======== SUPPLIED RECORDS ========

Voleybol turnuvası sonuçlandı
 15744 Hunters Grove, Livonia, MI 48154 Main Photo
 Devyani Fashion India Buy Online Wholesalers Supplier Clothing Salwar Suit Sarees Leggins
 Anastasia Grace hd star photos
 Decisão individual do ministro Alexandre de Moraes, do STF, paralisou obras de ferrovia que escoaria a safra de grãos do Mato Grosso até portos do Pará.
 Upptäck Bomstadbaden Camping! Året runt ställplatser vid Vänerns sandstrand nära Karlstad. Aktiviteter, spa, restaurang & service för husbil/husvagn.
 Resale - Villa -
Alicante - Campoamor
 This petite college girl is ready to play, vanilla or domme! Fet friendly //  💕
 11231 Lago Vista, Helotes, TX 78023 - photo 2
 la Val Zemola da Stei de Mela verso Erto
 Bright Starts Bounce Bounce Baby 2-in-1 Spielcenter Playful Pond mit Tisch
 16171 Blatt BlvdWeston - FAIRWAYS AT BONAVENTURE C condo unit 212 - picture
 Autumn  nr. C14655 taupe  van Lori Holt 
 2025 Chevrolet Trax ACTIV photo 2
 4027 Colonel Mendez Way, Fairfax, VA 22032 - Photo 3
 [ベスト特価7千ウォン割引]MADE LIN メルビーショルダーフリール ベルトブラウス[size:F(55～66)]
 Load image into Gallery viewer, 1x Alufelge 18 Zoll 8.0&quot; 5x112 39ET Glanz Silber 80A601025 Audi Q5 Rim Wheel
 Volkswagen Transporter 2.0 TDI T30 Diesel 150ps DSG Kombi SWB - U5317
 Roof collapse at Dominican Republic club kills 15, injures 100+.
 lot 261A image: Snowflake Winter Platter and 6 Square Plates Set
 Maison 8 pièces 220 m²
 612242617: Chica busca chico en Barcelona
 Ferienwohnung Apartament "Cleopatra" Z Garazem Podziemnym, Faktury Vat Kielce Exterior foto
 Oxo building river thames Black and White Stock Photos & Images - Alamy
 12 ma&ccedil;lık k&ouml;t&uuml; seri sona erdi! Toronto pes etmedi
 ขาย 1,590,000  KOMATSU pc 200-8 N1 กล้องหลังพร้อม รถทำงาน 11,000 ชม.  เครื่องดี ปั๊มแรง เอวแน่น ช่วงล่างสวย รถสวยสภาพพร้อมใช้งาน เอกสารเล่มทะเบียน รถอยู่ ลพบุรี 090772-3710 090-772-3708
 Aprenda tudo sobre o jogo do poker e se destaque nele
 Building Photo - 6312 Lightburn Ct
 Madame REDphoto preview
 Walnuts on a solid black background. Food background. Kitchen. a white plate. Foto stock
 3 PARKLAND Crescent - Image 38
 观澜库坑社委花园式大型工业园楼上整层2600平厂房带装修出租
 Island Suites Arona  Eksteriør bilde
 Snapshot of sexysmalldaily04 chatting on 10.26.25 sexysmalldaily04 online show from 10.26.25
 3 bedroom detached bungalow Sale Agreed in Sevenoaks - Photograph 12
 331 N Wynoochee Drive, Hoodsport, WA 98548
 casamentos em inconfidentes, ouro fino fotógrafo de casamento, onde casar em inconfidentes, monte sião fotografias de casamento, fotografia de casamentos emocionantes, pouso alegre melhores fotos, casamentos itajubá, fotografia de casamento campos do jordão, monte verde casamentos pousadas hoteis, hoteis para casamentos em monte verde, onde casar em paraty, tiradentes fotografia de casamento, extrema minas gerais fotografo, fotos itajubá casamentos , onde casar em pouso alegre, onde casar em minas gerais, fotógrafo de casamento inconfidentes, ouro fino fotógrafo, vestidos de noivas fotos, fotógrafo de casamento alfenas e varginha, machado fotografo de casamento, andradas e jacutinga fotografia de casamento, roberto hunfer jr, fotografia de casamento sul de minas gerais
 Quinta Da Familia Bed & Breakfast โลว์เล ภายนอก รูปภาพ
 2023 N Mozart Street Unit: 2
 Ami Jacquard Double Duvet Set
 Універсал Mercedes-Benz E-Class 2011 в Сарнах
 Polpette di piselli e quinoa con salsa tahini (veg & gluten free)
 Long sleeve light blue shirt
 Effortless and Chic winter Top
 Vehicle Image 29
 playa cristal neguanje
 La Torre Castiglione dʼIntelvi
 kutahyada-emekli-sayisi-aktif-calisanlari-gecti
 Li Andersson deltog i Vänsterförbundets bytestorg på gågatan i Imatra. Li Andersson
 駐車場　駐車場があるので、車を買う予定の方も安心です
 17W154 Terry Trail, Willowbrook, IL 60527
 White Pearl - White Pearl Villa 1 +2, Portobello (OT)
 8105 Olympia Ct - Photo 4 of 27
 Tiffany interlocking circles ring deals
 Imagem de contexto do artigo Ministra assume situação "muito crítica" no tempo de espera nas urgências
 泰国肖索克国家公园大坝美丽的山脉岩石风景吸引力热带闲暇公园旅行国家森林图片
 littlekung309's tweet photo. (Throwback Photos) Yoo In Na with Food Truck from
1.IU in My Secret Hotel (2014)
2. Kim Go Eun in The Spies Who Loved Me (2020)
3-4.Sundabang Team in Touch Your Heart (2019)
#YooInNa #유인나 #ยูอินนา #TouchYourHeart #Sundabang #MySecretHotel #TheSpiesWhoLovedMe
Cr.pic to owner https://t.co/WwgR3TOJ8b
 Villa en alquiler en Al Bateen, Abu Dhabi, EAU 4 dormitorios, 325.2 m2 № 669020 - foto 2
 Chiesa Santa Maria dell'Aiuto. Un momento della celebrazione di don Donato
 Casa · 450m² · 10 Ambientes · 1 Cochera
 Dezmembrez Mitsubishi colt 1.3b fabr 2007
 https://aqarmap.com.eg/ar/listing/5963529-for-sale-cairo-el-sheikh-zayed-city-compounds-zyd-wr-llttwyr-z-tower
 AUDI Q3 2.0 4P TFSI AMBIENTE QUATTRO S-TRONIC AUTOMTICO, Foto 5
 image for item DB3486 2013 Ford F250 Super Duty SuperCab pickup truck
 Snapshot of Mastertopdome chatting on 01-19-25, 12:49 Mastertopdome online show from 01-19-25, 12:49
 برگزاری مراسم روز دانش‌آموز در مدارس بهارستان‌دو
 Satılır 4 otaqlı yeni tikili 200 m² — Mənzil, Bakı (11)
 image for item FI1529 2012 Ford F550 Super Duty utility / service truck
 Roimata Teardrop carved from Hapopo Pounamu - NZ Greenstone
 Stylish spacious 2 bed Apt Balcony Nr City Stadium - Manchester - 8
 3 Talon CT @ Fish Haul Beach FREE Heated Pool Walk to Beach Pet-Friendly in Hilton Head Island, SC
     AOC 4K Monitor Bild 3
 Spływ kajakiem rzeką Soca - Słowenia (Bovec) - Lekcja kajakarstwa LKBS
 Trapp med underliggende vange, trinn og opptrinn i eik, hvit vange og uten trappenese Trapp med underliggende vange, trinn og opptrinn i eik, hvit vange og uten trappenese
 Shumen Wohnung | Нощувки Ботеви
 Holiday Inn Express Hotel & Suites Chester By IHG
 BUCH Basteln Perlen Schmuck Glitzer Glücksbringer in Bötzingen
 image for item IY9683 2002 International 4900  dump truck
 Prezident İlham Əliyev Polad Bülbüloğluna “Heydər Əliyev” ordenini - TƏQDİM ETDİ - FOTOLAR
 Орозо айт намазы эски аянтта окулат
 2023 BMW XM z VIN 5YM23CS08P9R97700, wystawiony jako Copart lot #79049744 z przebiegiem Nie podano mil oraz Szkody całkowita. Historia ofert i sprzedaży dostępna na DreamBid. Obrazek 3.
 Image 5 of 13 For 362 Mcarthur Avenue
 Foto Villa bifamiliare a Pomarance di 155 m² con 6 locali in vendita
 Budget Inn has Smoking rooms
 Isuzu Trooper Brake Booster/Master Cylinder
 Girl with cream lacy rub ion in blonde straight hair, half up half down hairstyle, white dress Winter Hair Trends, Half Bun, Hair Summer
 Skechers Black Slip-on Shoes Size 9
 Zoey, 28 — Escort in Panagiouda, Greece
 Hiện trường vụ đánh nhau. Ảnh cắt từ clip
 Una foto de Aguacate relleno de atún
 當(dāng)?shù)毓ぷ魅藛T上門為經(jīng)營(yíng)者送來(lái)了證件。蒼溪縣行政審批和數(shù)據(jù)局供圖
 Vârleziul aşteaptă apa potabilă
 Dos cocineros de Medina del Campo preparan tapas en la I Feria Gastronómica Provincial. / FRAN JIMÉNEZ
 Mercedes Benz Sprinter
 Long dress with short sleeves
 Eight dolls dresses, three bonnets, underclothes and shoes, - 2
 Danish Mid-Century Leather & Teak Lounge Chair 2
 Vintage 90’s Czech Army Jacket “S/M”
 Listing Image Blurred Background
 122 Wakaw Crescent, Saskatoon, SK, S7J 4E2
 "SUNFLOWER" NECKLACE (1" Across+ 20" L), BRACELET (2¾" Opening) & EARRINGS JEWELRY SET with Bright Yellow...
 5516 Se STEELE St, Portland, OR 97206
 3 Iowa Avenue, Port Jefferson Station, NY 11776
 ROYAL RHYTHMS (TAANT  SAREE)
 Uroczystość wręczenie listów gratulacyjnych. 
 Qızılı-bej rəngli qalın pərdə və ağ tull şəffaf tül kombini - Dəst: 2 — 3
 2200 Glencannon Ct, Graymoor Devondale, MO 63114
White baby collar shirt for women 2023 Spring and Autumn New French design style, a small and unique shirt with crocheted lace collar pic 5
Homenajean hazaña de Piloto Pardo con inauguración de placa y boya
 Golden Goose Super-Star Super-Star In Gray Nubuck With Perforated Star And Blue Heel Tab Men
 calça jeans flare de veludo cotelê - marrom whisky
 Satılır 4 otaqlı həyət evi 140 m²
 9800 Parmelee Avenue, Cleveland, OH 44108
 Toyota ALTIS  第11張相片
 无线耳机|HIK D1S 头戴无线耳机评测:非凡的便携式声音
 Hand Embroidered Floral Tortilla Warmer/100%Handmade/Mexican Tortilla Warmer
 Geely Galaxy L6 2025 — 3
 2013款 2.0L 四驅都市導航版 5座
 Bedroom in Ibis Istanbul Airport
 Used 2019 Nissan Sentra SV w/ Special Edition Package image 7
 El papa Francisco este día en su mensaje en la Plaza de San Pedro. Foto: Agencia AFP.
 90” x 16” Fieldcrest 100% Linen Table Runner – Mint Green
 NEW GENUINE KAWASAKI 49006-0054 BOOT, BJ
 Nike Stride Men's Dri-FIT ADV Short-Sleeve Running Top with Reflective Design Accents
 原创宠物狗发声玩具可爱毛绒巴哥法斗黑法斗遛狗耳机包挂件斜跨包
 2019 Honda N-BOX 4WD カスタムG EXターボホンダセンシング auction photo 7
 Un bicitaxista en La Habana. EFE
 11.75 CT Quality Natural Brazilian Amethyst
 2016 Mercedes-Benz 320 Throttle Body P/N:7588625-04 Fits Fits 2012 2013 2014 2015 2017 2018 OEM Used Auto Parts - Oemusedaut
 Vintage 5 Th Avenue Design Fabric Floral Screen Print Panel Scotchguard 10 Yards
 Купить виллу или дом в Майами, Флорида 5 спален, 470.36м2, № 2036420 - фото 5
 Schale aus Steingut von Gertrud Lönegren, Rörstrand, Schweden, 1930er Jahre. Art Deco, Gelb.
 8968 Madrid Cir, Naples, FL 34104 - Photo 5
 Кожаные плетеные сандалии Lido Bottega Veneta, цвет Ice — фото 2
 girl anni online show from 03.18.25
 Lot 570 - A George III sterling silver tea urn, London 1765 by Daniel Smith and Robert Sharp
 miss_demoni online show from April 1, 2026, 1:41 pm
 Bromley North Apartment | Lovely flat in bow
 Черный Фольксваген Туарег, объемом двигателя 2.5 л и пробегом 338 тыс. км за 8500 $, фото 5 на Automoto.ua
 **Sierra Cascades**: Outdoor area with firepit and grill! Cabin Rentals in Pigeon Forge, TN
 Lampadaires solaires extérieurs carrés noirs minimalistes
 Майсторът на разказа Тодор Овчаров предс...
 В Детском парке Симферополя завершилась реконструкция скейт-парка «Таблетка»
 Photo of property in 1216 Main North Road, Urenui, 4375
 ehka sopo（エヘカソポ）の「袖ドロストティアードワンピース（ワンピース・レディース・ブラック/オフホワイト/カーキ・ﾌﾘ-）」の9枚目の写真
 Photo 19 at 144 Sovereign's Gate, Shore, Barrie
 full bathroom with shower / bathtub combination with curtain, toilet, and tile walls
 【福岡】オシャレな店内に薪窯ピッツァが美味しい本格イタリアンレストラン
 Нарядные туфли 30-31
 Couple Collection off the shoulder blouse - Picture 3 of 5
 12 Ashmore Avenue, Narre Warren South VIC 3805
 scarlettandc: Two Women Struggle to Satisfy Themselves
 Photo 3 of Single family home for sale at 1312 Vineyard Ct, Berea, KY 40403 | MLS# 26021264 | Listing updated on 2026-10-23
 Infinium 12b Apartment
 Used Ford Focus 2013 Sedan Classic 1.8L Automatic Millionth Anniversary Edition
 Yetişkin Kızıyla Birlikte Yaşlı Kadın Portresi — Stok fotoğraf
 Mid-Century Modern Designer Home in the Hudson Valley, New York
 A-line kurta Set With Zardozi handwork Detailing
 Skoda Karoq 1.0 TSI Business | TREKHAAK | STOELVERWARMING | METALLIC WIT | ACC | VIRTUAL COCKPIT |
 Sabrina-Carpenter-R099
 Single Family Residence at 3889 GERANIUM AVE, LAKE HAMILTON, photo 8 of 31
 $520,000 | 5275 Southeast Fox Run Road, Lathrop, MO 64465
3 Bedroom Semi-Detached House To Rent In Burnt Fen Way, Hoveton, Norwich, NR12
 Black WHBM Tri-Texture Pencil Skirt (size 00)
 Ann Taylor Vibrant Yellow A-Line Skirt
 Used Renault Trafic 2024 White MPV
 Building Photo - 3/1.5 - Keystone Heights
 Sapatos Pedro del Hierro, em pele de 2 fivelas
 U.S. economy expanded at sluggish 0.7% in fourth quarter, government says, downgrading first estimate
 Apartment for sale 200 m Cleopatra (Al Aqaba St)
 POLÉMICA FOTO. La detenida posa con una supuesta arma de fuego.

========

Above are records; repeat only the lines starting at the line with "Oxo building river" and ending at the line with "331 N Wynoochee Drive, Hoodsport, WA 98548", exactly as they appear, both included.

◆ COMPLETED EXERCISE
 Oxo building river thames Black and White Stock Photos & Images - Alamy
 12 ma&ccedil;lık k&ouml;t&uuml; seri sona erdi! Toronto pes etmedi
 ขาย 1,590,000  KOMATSU pc 200-8 N1 กล้องหลังพร้อม รถทำงาน 11,000 ชม.  เครื่องดี ปั๊มแรง เอวแน่น ช่วงล่างสวย รถสวยสภาพพร้อมใช้งาน เอกสารเล่มทะเบียน รถอยู่ ลพบุรี 090772-3710 090-772-3708
 Aprenda tudo sobre o jogo do poker e se destaque nele
 Building Photo - 6312 Lightburn Ct
 Madame REDphoto preview
 Walnuts on a solid black background. Food background. Kitchen. a white plate. Foto stock
 3 PARKLAND Crescent - Image 38
 观澜库坑社委花园式大型工业园楼上整层2600平厂房带装修出租
 Island Suites Arona  Eksteriør bilde
 Snapshot of sexysmalldaily04 chatting on 10.26.25 sexysmalldaily04 online show from 10.26.25
 3 bedroom detached bungalow Sale Agreed in Sevenoaks - Photograph 12
 331 N Wynoochee Drive, Hoodsport, WA 98548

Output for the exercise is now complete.